Drug trafficking, the great threat to democracy in Latin America

This is the most important challenge facing citizens, as highlighted in the Report Ibero-America 2024, the challenge of security for Latin American democracies, by the Alternativas Foundation, presented at the headquarters of the Ibero-American General Secretariat in Madrid. The head of the latter, Andrés Allamand, stated that "in Latin America there is the paradox that, although outwardly it is a zone of peace, insecurity has become the main concern of citizens, so much so that in recent years it has taken precedence over serious issues such as inequality or poverty".
The study, coordinated by Érika Rodríguez, Director of the Carolina Foundation, highlights that insecurity, by affecting multiple facets of citizens' daily lives, has become an essential condition for testing the good or bad health of democracies.

There is general agreement on this, as highlighted by the former president of Chile, Michelle Bachelet, and Professor Mariano Bartolomé, of the Inter-American Defence College. In Bartolomé's view, the decline of democracy stems from citizens' perception that this system of coexistence neither protects them from being assaulted, extorted and murdered, nor does it give them any assurance that this phenomenon is on the way to abating.
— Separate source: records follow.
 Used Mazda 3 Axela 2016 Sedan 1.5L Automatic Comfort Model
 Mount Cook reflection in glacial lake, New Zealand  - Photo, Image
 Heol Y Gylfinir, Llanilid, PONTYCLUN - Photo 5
As a result, there is an increasing number of segments of society in which citizens from different walks of life will give up part of their rights and freedoms in exchange for greater security.
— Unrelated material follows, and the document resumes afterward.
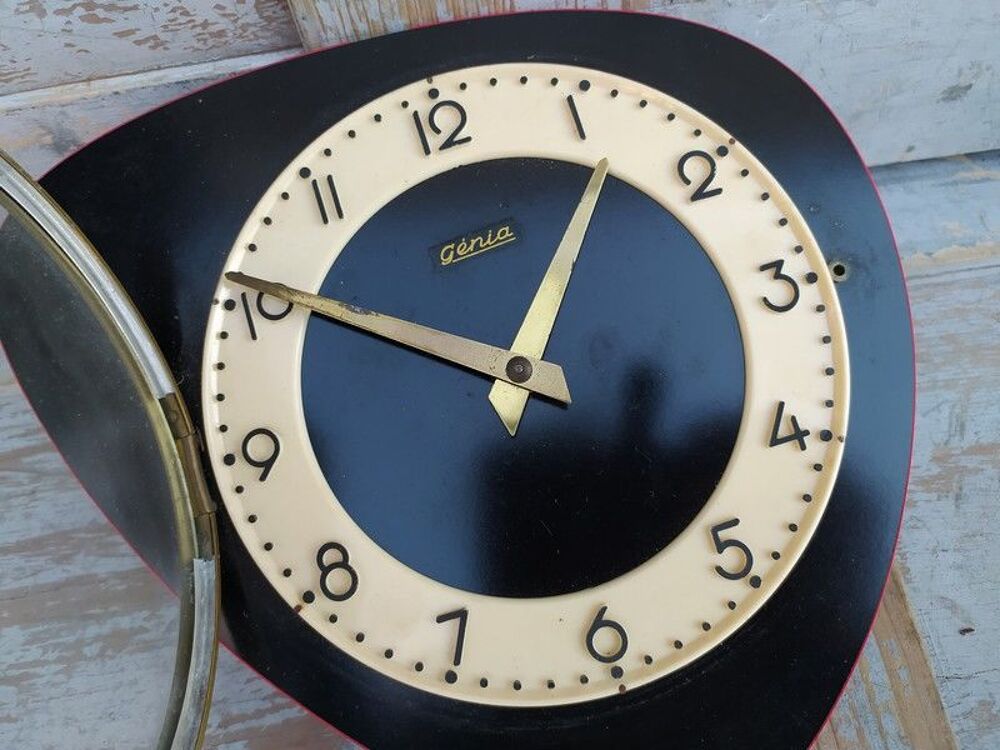 Pendule Murale Vintage G&eacute;nia Formica Noir et Laiton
This is an extremely dangerous drift, and one that makes citizens turn to political figures such as El Salvador's President Nayib Bukele, whose expeditious and ruthless methods against crime are provoking temptations to imitate him both in the Americas and in Asian countries.
As the SEGIB's dialogue between the two sides of the Atlantic made clear, no less dangerous is the debate that has emerged within various governments over whether or not to use the armed forces to combat drug trafficking. This debate is all the more heated as the bloody episodes that exasperate the population continue to occur.
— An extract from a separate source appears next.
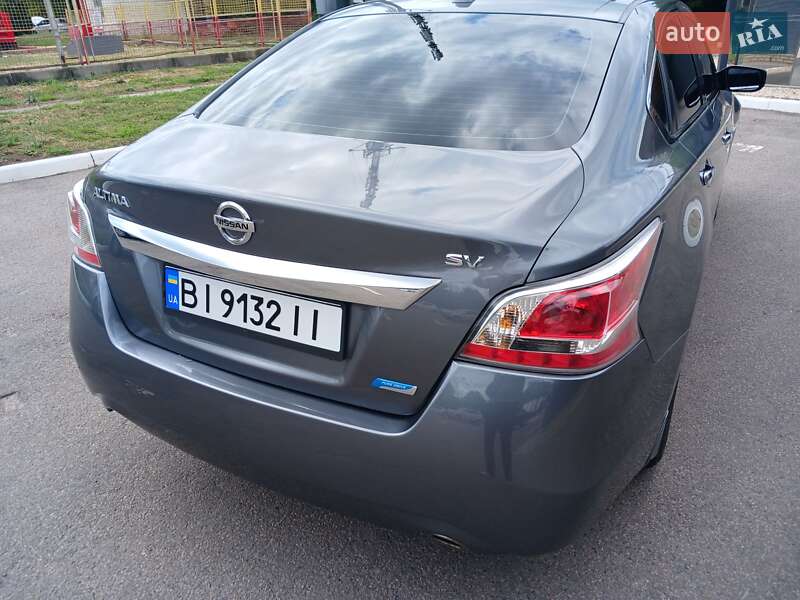 Седан Nissan Altima 2015 в Харкові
The same study analyses how impunity, corruption and ineffective administration of justice are often both causes and consequences of this phenomenon. As a result, positions are becoming more extreme, calling for tougher action, leading to behaviour that would not stand up to the more benign standard of respect for human rights.
The truth is that the fight against narco-terrorism cannot be said to have resulted in victory for democratic states, which are seeing their powers, such as the exclusive use of force, increasingly curtailed.
Another characteristic of this cancer in Latin America, which is almost unique to the continent, is the social devastation caused by its crimes. Not only do they attack and rob what might be called wealthy citizens or institutions, but they also carry out multiple robberies, extortions and murders of humble individuals and families, which pulverises the best intentions and attempts of governments to promote equality and access to a decent standard of living for citizens.
The study points out that this plague is favoured on a continental scale by the porosity of borders, a characteristic that is aggravated by the intensification of migratory waves. Specifically, the authors of the report delve into the transformations in the police apparatus, the cross-border political economy of drug trafficking and the growth of cybercrime, incorporating a sociological analysis of the phenomenon of organised crime in the region, with special reference to the specific cases of Ecuador and the Colombia-Venezuela border.